Dataset records:

━━━

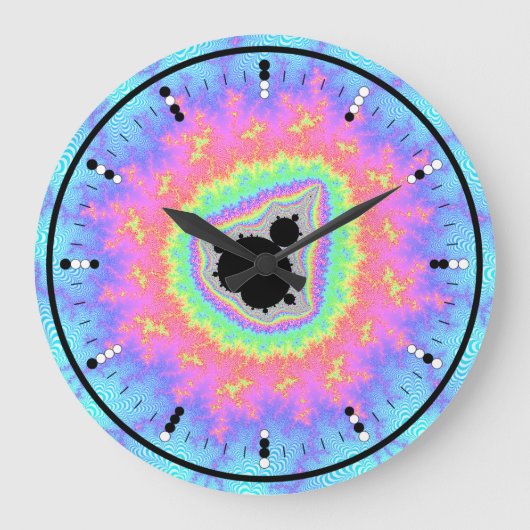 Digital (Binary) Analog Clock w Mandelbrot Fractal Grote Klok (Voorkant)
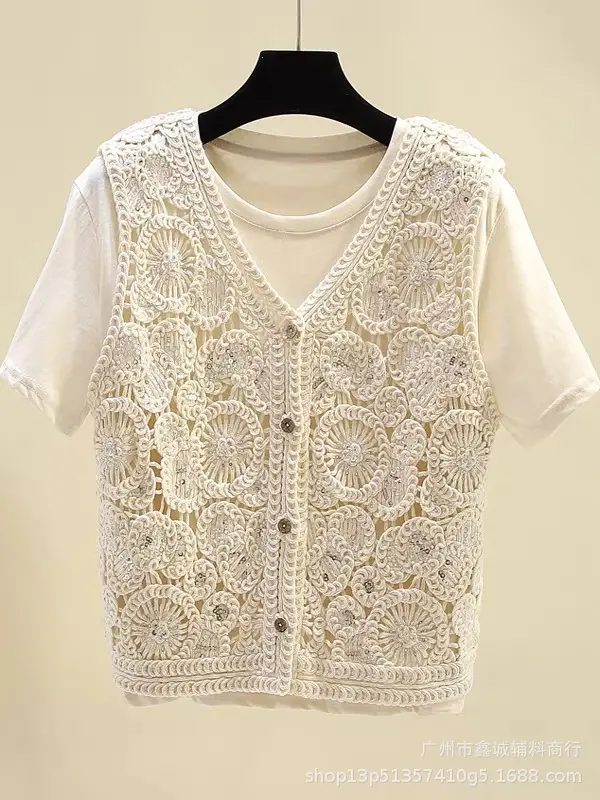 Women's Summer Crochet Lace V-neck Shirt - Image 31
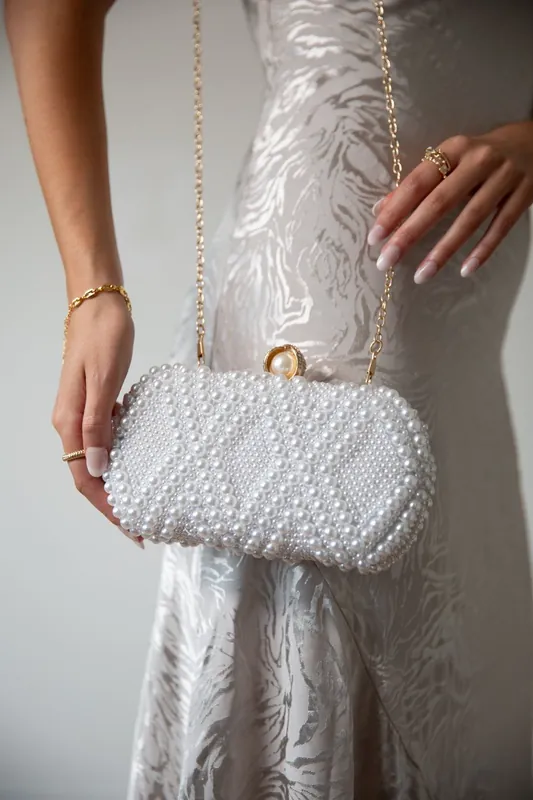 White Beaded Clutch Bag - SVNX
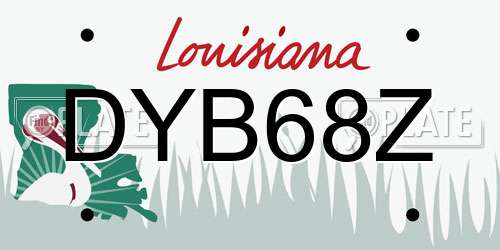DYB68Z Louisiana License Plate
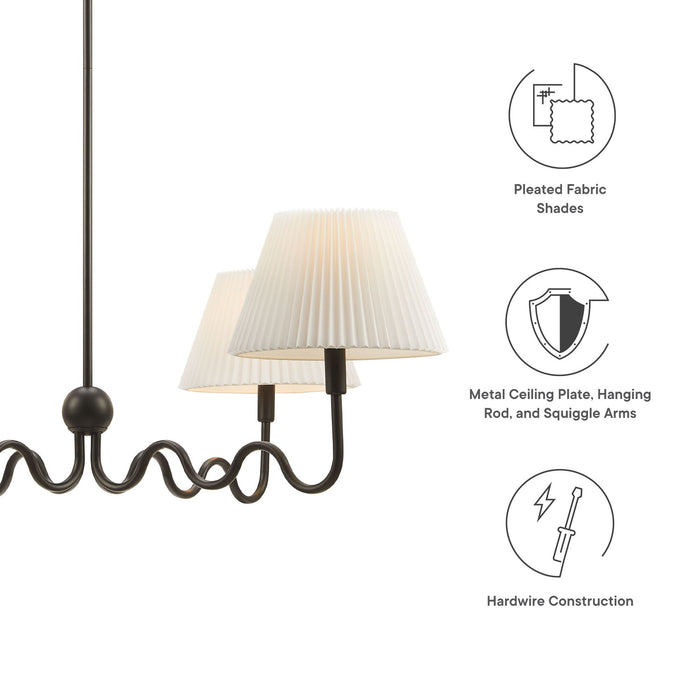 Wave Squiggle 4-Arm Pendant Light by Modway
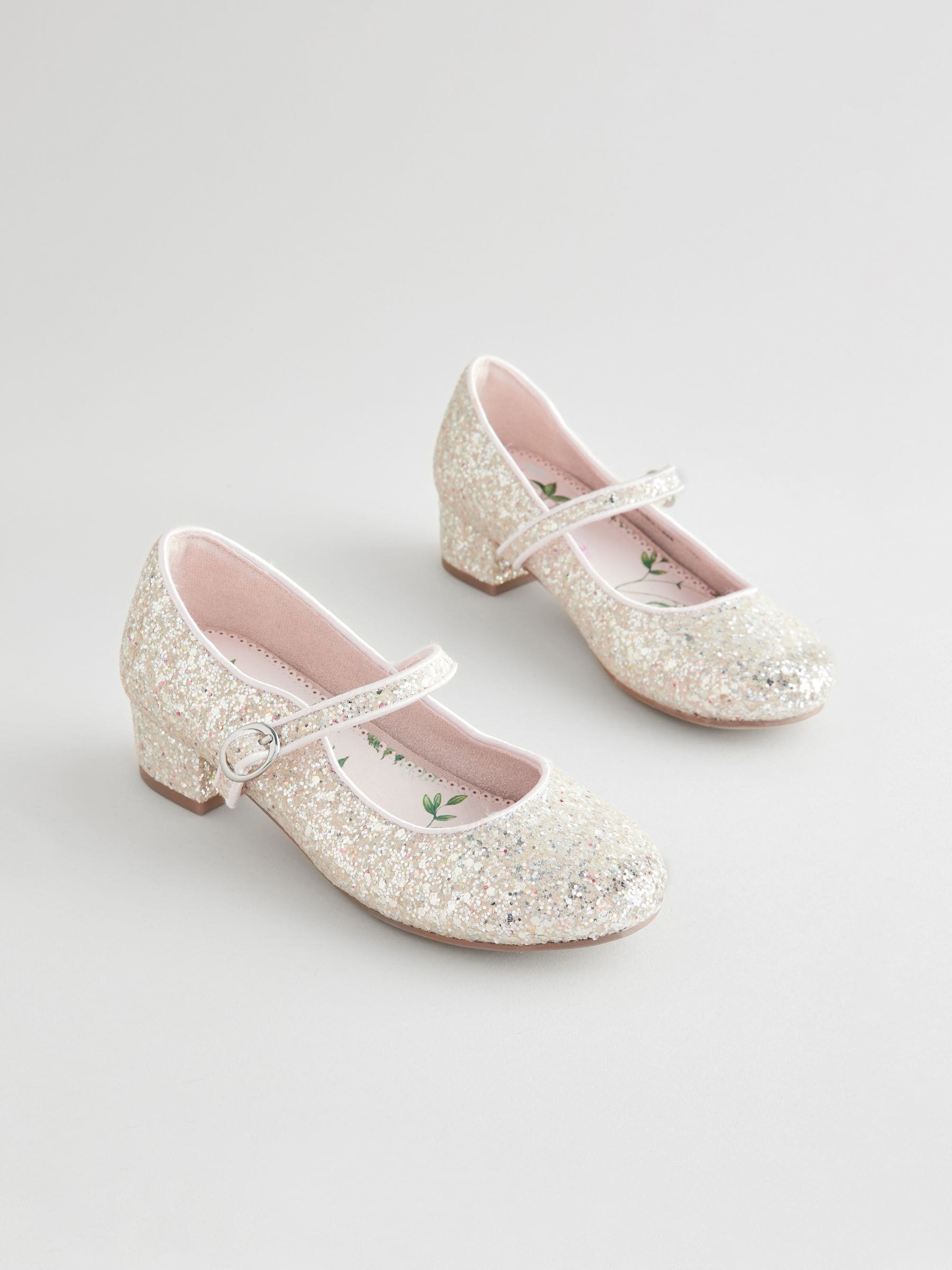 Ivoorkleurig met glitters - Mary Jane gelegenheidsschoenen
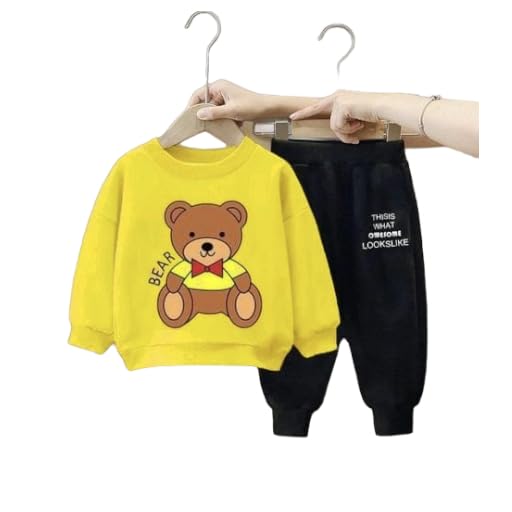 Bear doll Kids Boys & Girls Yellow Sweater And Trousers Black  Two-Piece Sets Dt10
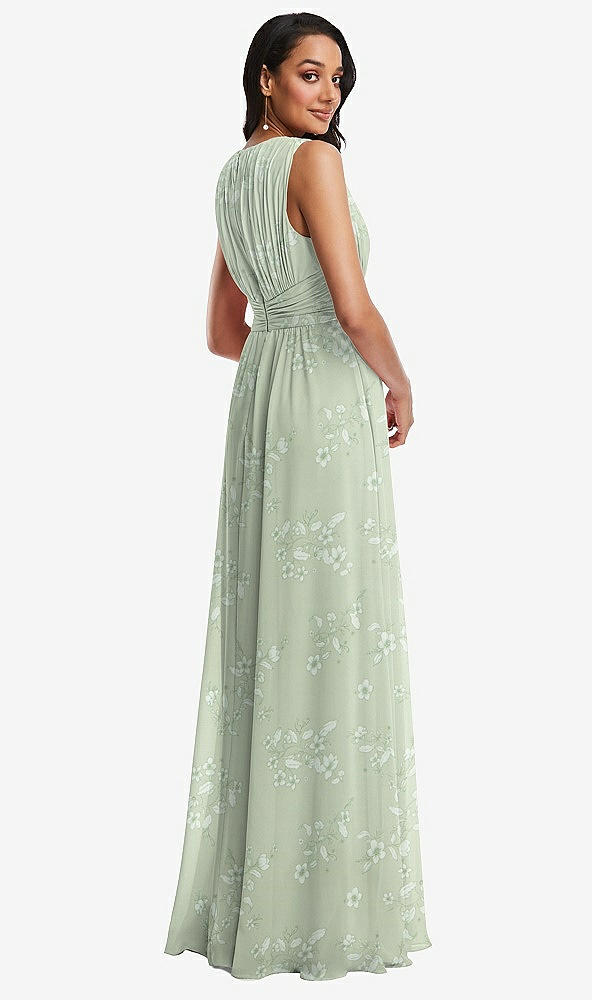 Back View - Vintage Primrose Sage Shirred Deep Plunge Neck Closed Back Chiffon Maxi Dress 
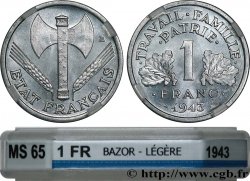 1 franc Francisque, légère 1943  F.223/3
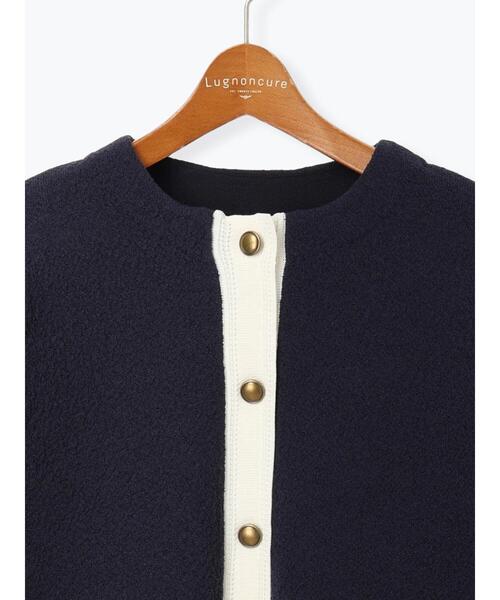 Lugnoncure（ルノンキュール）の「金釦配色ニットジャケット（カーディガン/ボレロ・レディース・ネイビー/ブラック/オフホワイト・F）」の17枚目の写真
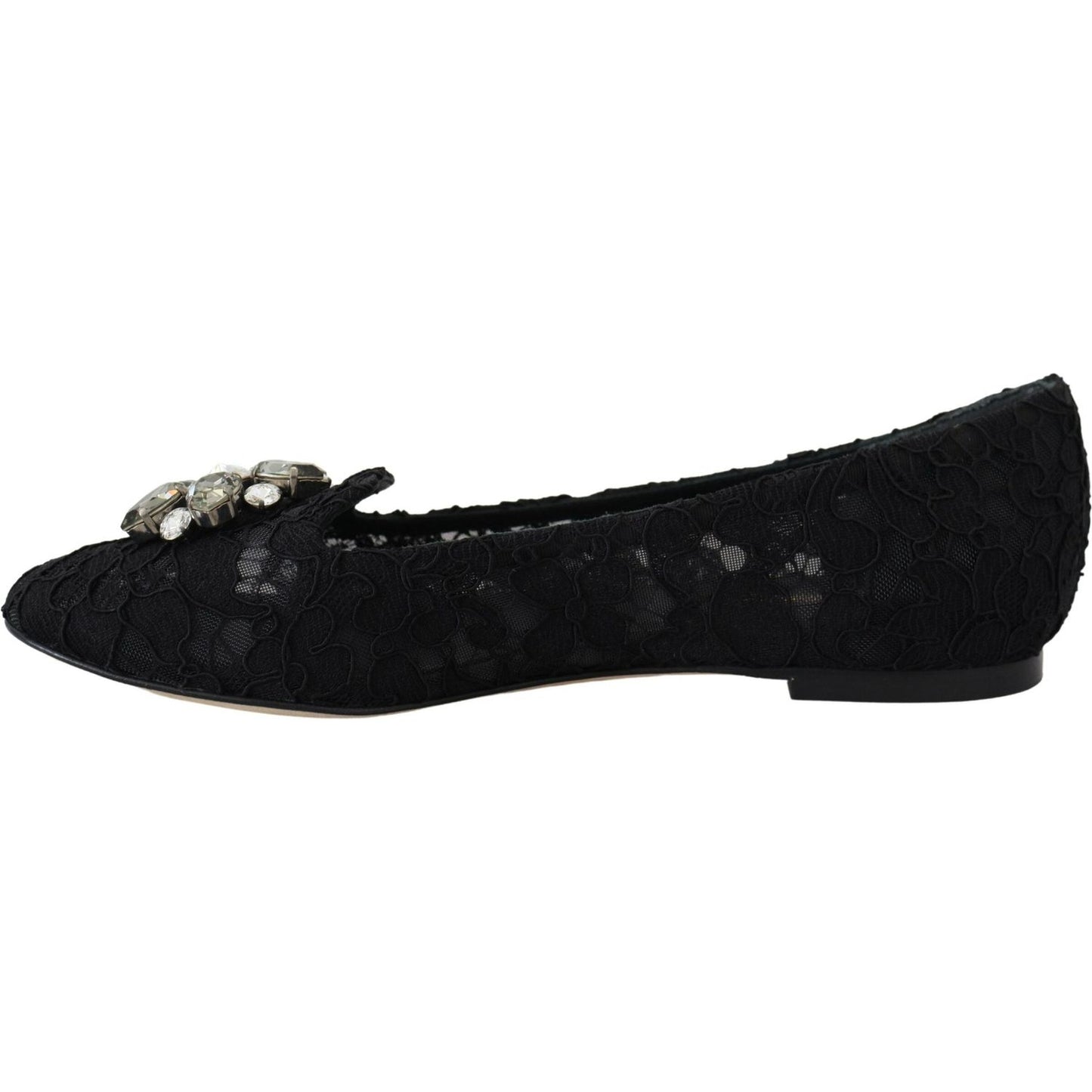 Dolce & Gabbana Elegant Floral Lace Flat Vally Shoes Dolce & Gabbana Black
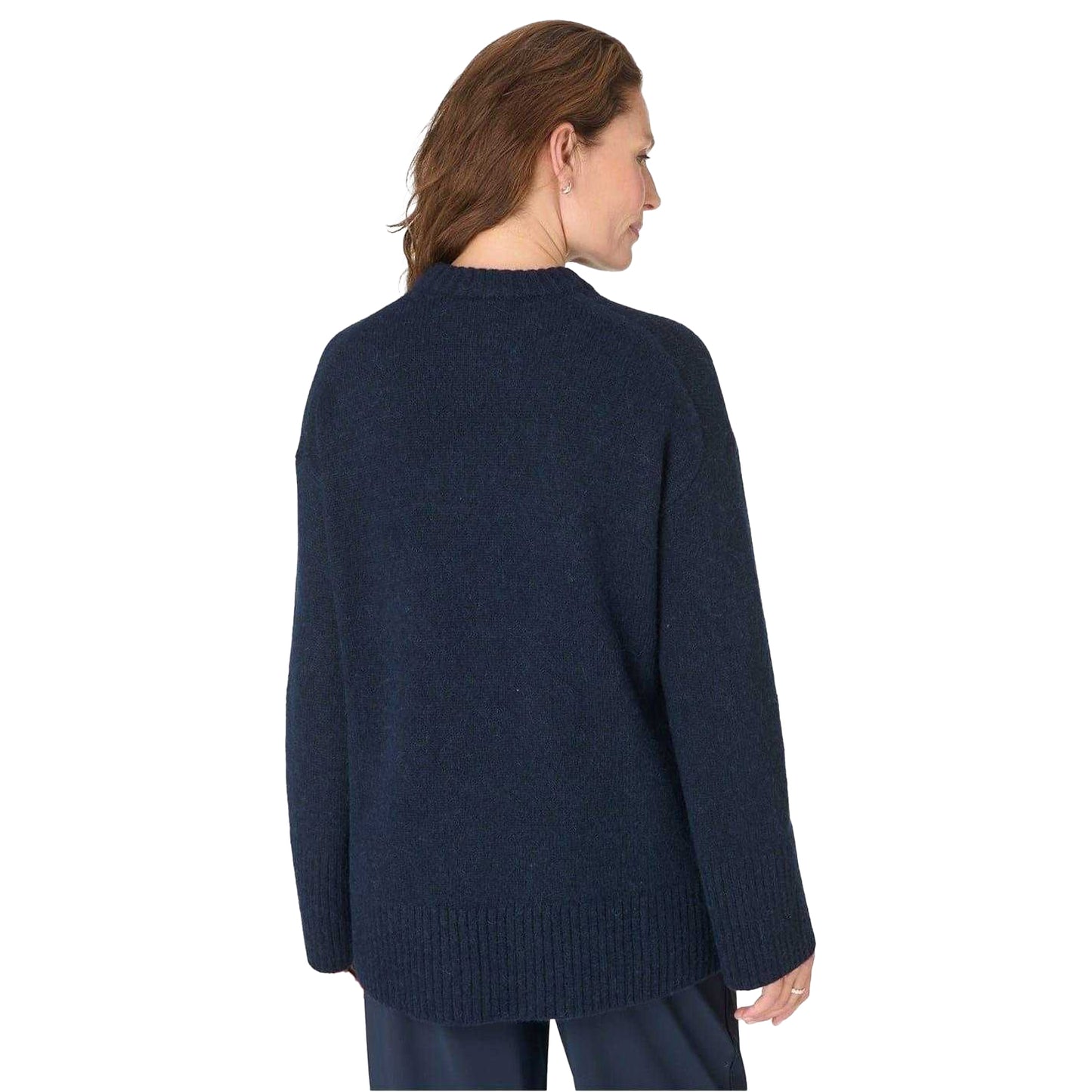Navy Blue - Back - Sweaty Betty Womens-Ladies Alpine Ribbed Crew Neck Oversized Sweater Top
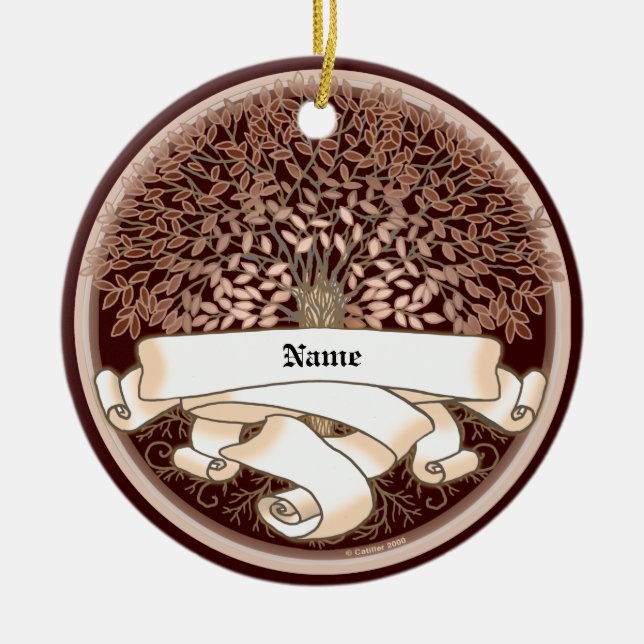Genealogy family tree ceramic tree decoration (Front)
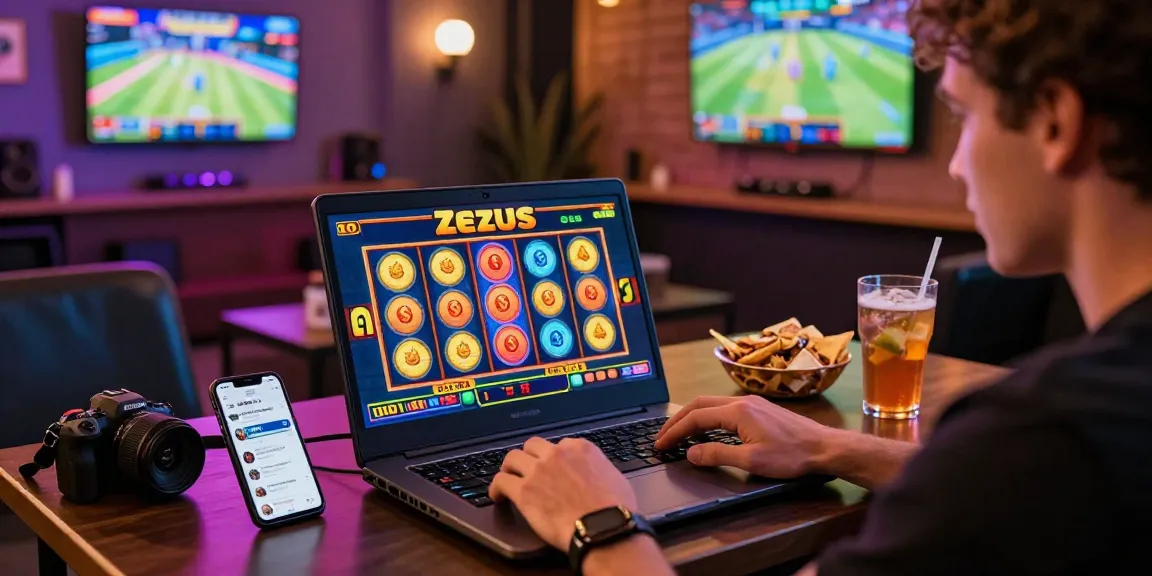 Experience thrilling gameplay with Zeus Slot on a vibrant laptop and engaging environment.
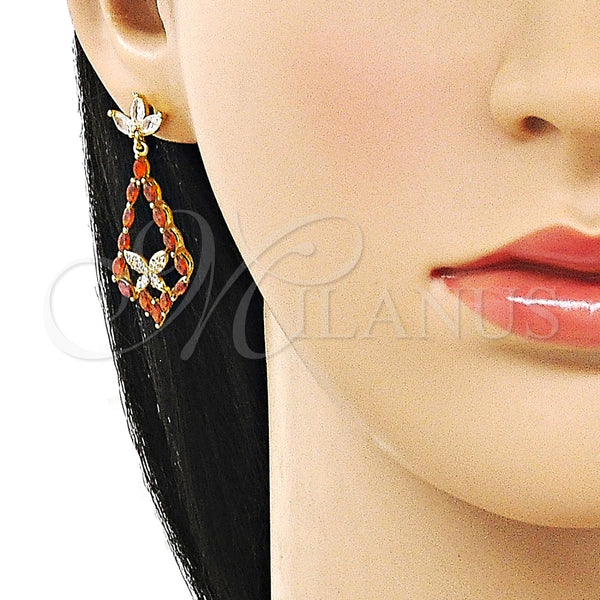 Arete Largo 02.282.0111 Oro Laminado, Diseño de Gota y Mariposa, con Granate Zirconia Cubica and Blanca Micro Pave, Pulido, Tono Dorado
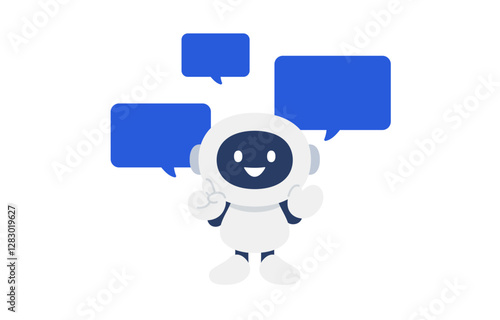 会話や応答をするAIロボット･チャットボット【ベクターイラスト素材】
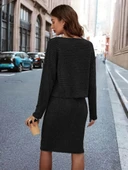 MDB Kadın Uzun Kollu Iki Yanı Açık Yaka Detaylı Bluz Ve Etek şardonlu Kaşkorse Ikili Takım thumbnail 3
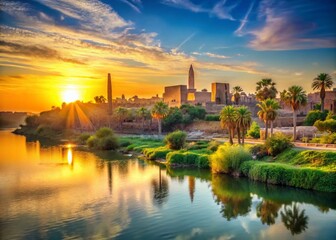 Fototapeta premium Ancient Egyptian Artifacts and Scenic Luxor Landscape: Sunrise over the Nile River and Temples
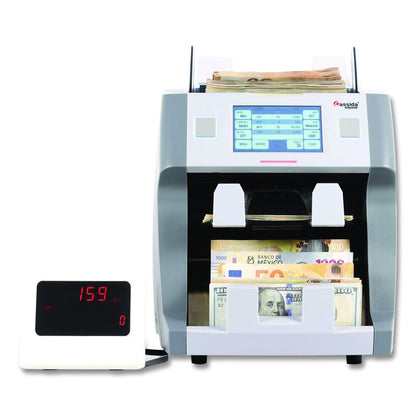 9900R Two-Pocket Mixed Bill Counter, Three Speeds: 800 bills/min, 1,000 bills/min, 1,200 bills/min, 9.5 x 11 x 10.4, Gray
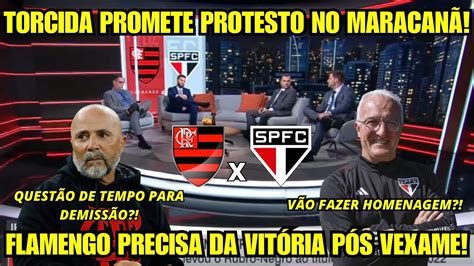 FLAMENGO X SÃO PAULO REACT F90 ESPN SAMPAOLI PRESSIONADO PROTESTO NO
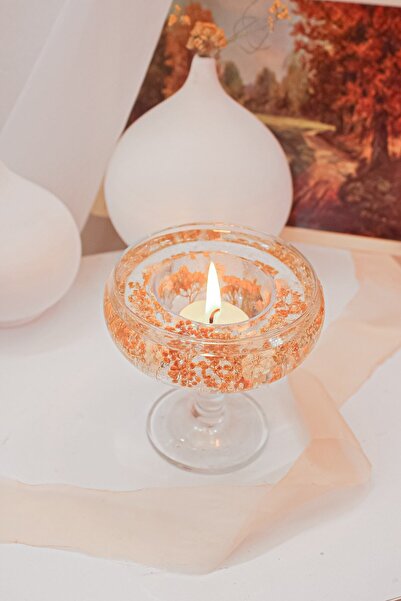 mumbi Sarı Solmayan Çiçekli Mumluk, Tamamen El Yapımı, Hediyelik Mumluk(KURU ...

━━━

Task objective: Transcribe all of the material exactly and leave out its pictures.

Solution to this task:
 Digital (Binary) Analog Clock w Mandelbrot Fractal Grote Klok (Voorkant)
 Women's Summer Crochet Lace V-neck Shirt - Image 31
 White Beaded Clutch Bag - SVNX
DYB68Z Louisiana License Plate
 Wave Squiggle 4-Arm Pendant Light by Modway
 Ivoorkleurig met glitters - Mary Jane gelegenheidsschoenen
 Bear doll Kids Boys & Girls Yellow Sweater And Trousers Black  Two-Piece Sets Dt10
 Back View - Vintage Primrose Sage Shirred Deep Plunge Neck Closed Back Chiffon Maxi Dress 
 1 franc Francisque, légère 1943  F.223/3
 Lugnoncure（ルノンキュール）の「金釦配色ニットジャケット（カーディガン/ボレロ・レディース・ネイビー/ブラック/オフホワイト・F）」の17枚目の写真
 Dolce & Gabbana Elegant Floral Lace Flat Vally Shoes Dolce & Gabbana Black
Navy Blue - Back - Sweaty Betty Womens-Ladies Alpine Ribbed Crew Neck Oversized Sweater Top
Genealogy family tree ceramic tree decoration (Front)
 Experience thrilling gameplay with Zeus Slot on a vibrant laptop and engaging environment.
 Arete Largo 02.282.0111 Oro Laminado, Diseño de Gota y Mariposa, con Granate Zirconia Cubica and Blanca Micro Pave, Pulido, Tono Dorado
 会話や応答をするAIロボット･チャットボット【ベクターイラスト素材】
 MDB Kadın Uzun Kollu Iki Yanı Açık Yaka Detaylı Bluz Ve Etek şardonlu Kaşkorse Ikili Takım thumbnail 3
 Fototapeta premium Ancient Egyptian Artifacts and Scenic Luxor Landscape: Sunrise over the Nile River and Temples
 9900R Two-Pocket Mixed Bill Counter, Three Speeds: 800 bills/min, 1,000 bills/min, 1,200 bills/min, 9.5 x 11 x 10.4, Gray
 FLAMENGO X SÃO PAULO REACT F90 ESPN SAMPAOLI PRESSIONADO PROTESTO NO
 mumbi Sarı Solmayan Çiçekli Mumluk, Tamamen El Yapımı, Hediyelik Mumluk(KURU ...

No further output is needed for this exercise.